*DATASET EXCERPTS*.

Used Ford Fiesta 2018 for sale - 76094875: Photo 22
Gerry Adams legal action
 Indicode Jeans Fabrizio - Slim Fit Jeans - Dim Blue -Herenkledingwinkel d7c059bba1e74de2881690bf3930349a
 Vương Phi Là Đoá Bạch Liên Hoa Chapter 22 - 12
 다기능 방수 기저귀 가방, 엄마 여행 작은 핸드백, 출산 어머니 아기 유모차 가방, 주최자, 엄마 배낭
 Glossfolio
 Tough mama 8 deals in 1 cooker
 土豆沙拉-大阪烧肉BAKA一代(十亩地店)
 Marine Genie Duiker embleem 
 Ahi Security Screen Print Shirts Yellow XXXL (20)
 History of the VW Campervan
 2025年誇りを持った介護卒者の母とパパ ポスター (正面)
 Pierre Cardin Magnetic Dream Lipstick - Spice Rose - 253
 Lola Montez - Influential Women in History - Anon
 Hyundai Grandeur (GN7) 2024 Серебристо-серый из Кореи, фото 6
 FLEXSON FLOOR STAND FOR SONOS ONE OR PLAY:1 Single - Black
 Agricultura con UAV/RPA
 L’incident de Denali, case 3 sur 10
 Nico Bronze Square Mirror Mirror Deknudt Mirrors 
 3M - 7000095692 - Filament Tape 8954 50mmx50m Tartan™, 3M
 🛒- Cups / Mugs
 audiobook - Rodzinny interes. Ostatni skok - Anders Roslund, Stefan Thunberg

*WHAT YOU NEED TO DO*.
All lines in the entries above that hold the word "History" need to be copied.

*ANSWER SECTION*.
 History of the VW Campervan
 Lola Montez - Influential Women in History - Anon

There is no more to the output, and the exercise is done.